20 October 2015

The lessons from Monday night #nlpoli

Nick Whalen killed a giant.

That’s the story of the 2015 federal election in Newfoundland and Labrador, bar none. 

People told Whalen he was crazy to run against the popular NDP incumbent.  No one gave him a chance.  But Whalen wound up defeating the NDP heavyweight.

Like the rest of the Liberals,  Whalen got the fundamentals right.  The Liberals have a highly efficient voter management system.  They can find supporters,  keep in contact with them, and get them to the polls.  Whalen used it, just like all the other candidates.

And just like the other successful candidates, Whalen had strong support from his provincial cousins.  Anyone following social media will know that Whalen and St. John’s North MHA Dale Kirby campaigned together a lot.  The same sort of thing happened in St. John’s South – Mount Pearl, where provincial candidates like Siobhan Coady went door to door on behalf of Seamus O’Regan.

That’s the kind of organization that allowed the Liberals to capitalise on the changes in public opinion.  it is the type of organization that the NDP lack.  It’s also the kind of organization that would have allowed the NDP to fight against a slide in the polls.

Instead of having a solid organization,  the NDP were reduced to sending their candidate out to campaign at supermarkets, evidently without checking with the manager to see if it was okay.  The story in the Telegram on Monday about Jack Harris’ unfortunate episode at Sobey’s said much about Harris’ desperate efforts to stave off defeat. 

The fact Jack didn’t see it coming just confirms how poor is the NDP organization.  

There were other factors in the Liberal victory,  but the one to watch was that basic organization.  That’s the one that will tell the tale in the provincial election in November.

As we’ve said in this corner for some time, the NDP and the provincial Conservatives just don’t have the basic organizational capacity.  Election readiness – or more specifically, Lorraine Michael’s chronic neglect of electoral basics - was a huge factor in the NDP split in 2013.  NDP stalwarts ignored the truth and carried on as if nothing was wrong.  These big losses are a  logical consequence of those chronic NDP problems and they are a sign of things to come.

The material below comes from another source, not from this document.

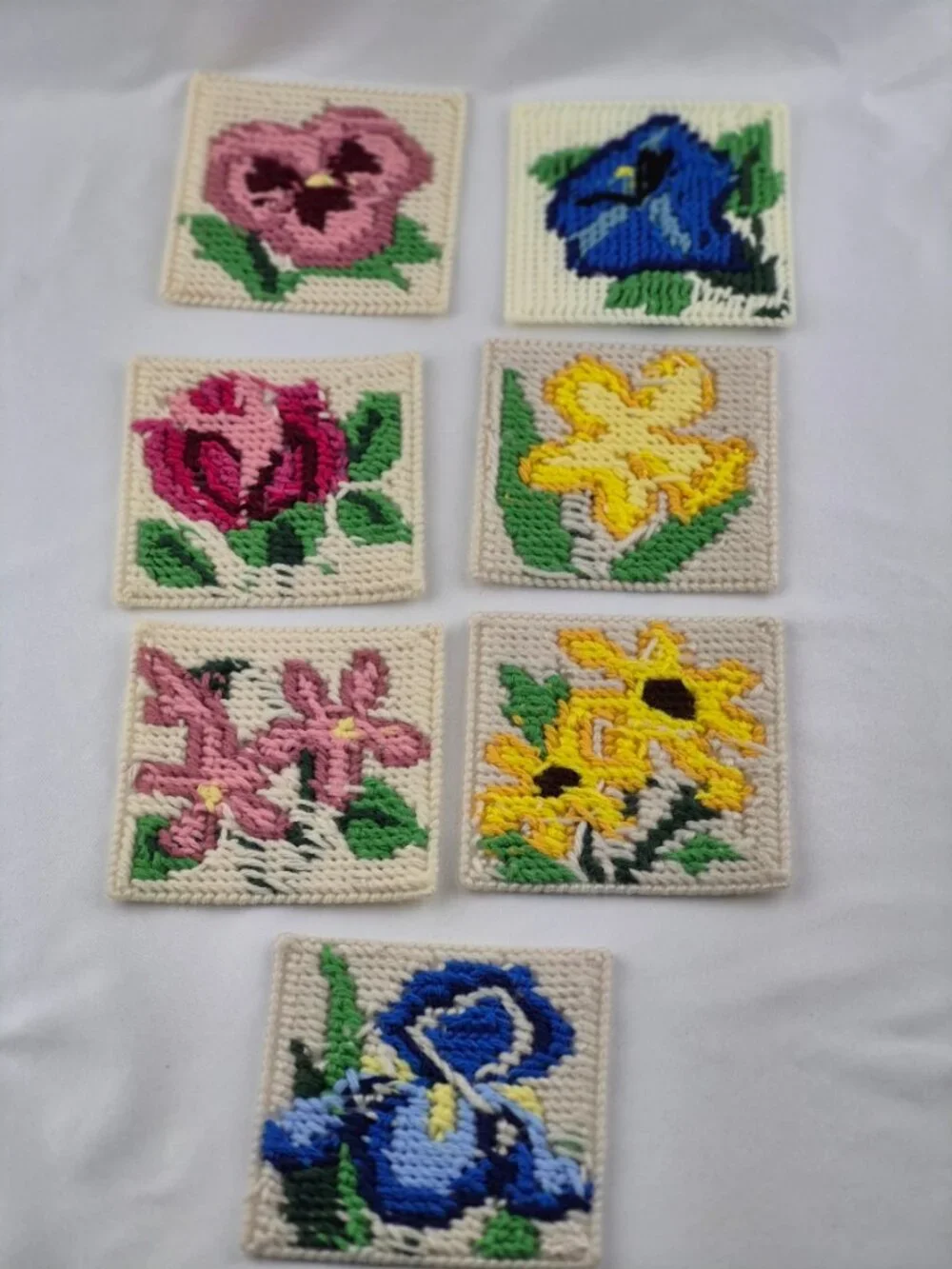 Handmade Floral Plastic Canvas Coasters Set of 16 in 7 Different Flower Patterns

On the Conservatives side, they have the same problems. The stories from Virginia Waters are of a disjointed, disorganized mess.  That mess is directly attributable to Danny Williams, whose war against his party’s federal cousins left the provincial Conservatives bereft of modern campaign techniques.  The Old Man may be able to stroke his ego with some media attention for an imaginary ABC campaign but the truth is the party he still dominates is poised for a Kim Campbell-like disaster in November.

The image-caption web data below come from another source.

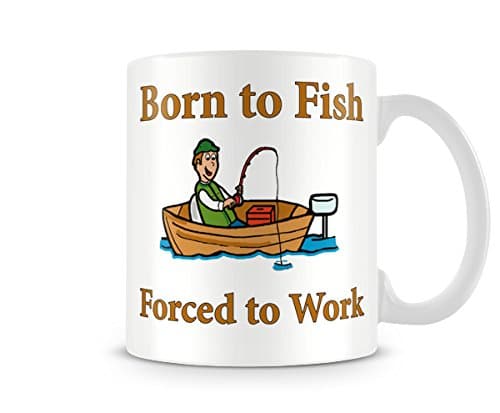 Behind The Glass - Born to Fish, Forced to Work - Printed Funny Mug - Great Gift/Present Idea, Ceramic, 11fl.oz.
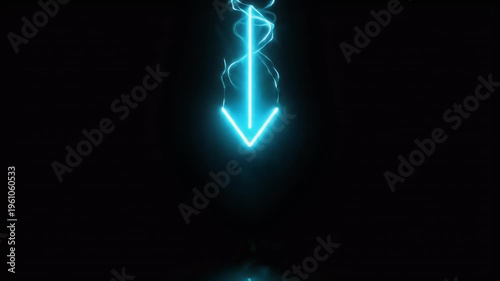 Neon arrow pointing up with wavy light streaks on black background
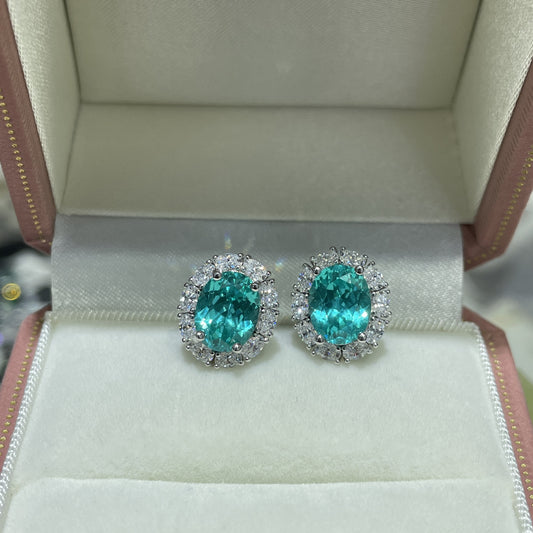 Oval Blue-Green Gemstone Halo Stud Earrings, Vintage-Inspired Sparkling Ear Studs alternate product image
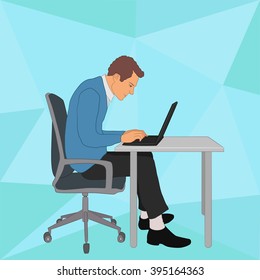 Work in office: project Manager, designer, secretary. Cloud technologies, services, documents for remote team. Illustration of busness man in workplace with laptop. Employee in suit sitting at desktop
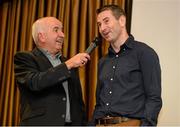 22 October 2015; MC Charlie Colins talks with Donegal Manager Rory Gallagher at the launch of 'Winning' by Rory Kavanagh. Mount Errigal Hotel, Ballyraine, Letterkenny, Co. Donegal. Picture credit: Seb Daly / SPORTSFILE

The surest sign of how bad things are in the provincial Conservative Party was the sudden announcement Monday that Vaughn Granter would leave politics and go back to teaching.  Granter won in 2010 in Danny Williams’ old seat. He should have been running again but evidently, thought better of trying.

As in the federal election, the battle in the upcoming provincial election will be in S John’s.  The Liberals might be able to translate this federal success into provincial success.  The real question we should all ponder is whether the NDP and the Conservatives can hold onto what they have in metro.  After Monday’s federal result,  we should put a question mark over that.